= Aalto Vase =

1936 vase design by Alvar and Aino Aalto

The Aalto Vase, also known as the Savoy Vase, is a piece of glassware created by Alvar Aalto and his wife Aino that has become an internationally known iconic piece of Finnish design. It became known as the Savoy Vase because it was one of a range of custom furnishings and fixtures created by Alvar and Aino Aalto for the luxury Savoy restaurant in Helsinki that opened in 1937.

The vase was also designed as an entry in a design competition for the Ahlström-owned Karhula-Iittala glassworks factory in 1936. The design was inspired by the dress of a Sami woman. Called Eskimåkvinnans skinnbyxa (the Eskimo woman's leather breech), the design consisted of a series of crayon drawings on cardboard and scratch paper. Aalto created initial prototypes by blowing glass in the middle of a composition of wooden sticks stuck into the ground, letting the molten glass swell on only some sides and creating a wavy outline.
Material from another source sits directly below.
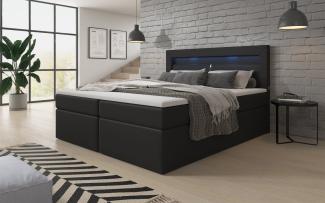 Boxspringbett Reposito mit LED, USB und Stauraum 180x200 Schwarz H2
The initial manufacture of the vase was not without problems and the original idea of using molds made of thin steel sheets forced together to form closed sinuous shapes had to be abandoned. The vase was originally manufactured by the glassworks factory using a wood mold which was slowly burned away.

This vase was later displayed for the 1937 World's Fair in Paris and the original height of the Savoy vase was 140 mm.

Aalto never made money with the vase, because the design belonged to the factory for which the design competition entry was produced.

The vase has been manufactured in nearly a full spectrum of colours. The simplicity of the vase continues to be popular in the 21st century. Smaller versions of the vase, just as Aalto designed them with the seams visible and a slight curve at the base, are still produced by glasspressing at the Iittala glass factory in Iittala, Finland. Larger versions are made using Aalto's design, but without seams.

In recent times the vase has achieved iconic status, inspiring adaptations and appropriations by contemporary designers including Jan Ctvrtnik, Maxim Velčovský and Tobi Wong.